At a time when computational resources seem abundant, there is much excitement around scaling up machine learning and training increasingly larger models on bigger datasets. Intelligent life, however, has arisen not from an abundance of resources, but rather from the lack of it. Evolution naturally selects systems that are able to do more with less. We can see many examples of such resource “bottlenecks” that helped shaped our development as a species: from the way the brain is wired, and how our consciousness is able to process abstract thought, to how we are able to convey abstract concepts to one another through drawings and gestures that developed into languages, stories, and culture. It is debatable whether such bottlenecks are a requirement for intelligence to emerge, but it is undeniable that our own intelligence is a result of resource constraints.
I am interested in studying how intelligence might have emerge from limited resource constraints. Below are a selection of projects that I had worked on over the years that is related to my interest. Some of the works illustrate machine learning concepts interactively inside of a web browser. Please read my blog for more information.
C. Daniel Freeman, Luke Metz, David Ha
Rather than assume forward models are needed, in this work, we investigate to what extent world models trained with policy gradients behave like forward predictive models, by restricting the agent’s ability to observe its environment.
Judith E. Fan, Monica Dinculescu, David Ha
A web-based environment for collaborative sketching of everyday visual concepts. We integrate an artificial agent (using Sketch-RNN), who is both cooperative and responsive to actions performed by its human collaborator.
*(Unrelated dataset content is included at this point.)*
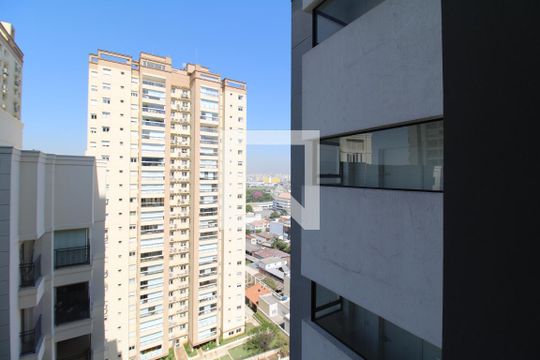 Studio - Varanda de kitnet/studio para alugar com 1 quarto, 25m² em Santana, São Paulo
We find that collaboration between humans and machines encourages the creation of novel and meaningful content.
Raphael Gontijo Lopes, David Ha, Douglas Eck, Jonathon Shlens
SVG-VAE is a latent space model, just like MusicVAE and sketch-rnn. It learns a latent representation of the visual style of icons by training on their pixel rendering (the VAE). This lets us create palettes for blending and exploring icon styles in latent space.
Tarin Clanuwat, Mikel Bober-Irizar, Asanobu Kitamoto, Alex Lamb, Kazuaki Yamamoto, David Ha
We introduce Kuzushiji-MNIST, a drop-in replacement for MNIST, plus two other datasets (Kana and Kanji). In this work, we also try more interesting tasks like domain transfer from Kuzushiji Kanji to modern Kanji.
Danijar Hafner, Timothy Lillicrap, Ian Fischer, Ruben Villegas, David Ha, Honglak Lee, James Davidson
PlaNet learns a world model from image inputs only and successfully leverages it for planning in latent space.
Cinjon Resnick, Wes Eldridge, David Ha, Denny Britz, Jakob Foerster, Julian Togelius, Kyunghyun Cho, Joan Bruna
NeurIPS Competitions held in 2018 and 2019
Presented at AAAI 2019 Workshop on RL in Games
We created Pommerman, a multi-agent environment based on the classic Bomberman game, with the aim of advancing the state of multi-agent RL research. It consists of a set of scenarios, each having at least four players and containing both cooperative and competitive aspects.
David Ha, Jürgen Schmidhuber
A generative recurrent neural network is quickly trained in an unsupervised manner to model pixel-based RL environments through compressed spatio-temporal representations. The world model's extracted features are fed into compact and simple policies trained by evolution. We also train our agent entirely inside of an environment generated by its own internal world model, and transfer this policy back into the actual environment.
I explain how evolution strategies using a few visual examples. I try to keep the equations light, but provide links to original articles. This is the first post in a series of articles, where I plan to show how to apply these algorithms to a range of tasks from MNIST, Gym, Roboschool to PyBullet environments.
David Ha, Douglas Eck
We present sketch-rnn, a generative recurrent neural network capable of producing sketches of common objects, with the goal of training a machine to draw and generalize abstract concepts in a manner similar to humans.
David Ha, Andrew M. Dai, Quoc V. Le
This work explores an approach of using one network, known as a hypernetwork, to generate the weights for another network. We apply hypernetworks to generate adaptive weights for recurrent networks. In this case, hypernetworks can be viewed as a relaxed form of weight-sharing across layers.
I combined NEAT with the backpropagation algorithm and created demos for evolving efficient, but atypical neural network structures for common ML toy tasks such as classification and regression.
In this project, I use recurrent neural networks to model Chinese characters. The model I constructed is trained on stroke data from a Kanji dataset. We can use this model to come up with “fake” Kanji characters.
Each creature, controlled by a unique recurrent neural network brain, dies after contact with a plank. After some time, they reproduce by bumping into each other, passing on a version of their brain to future generations. Over time, they evolved a tendency to avoid planks and also attract each other.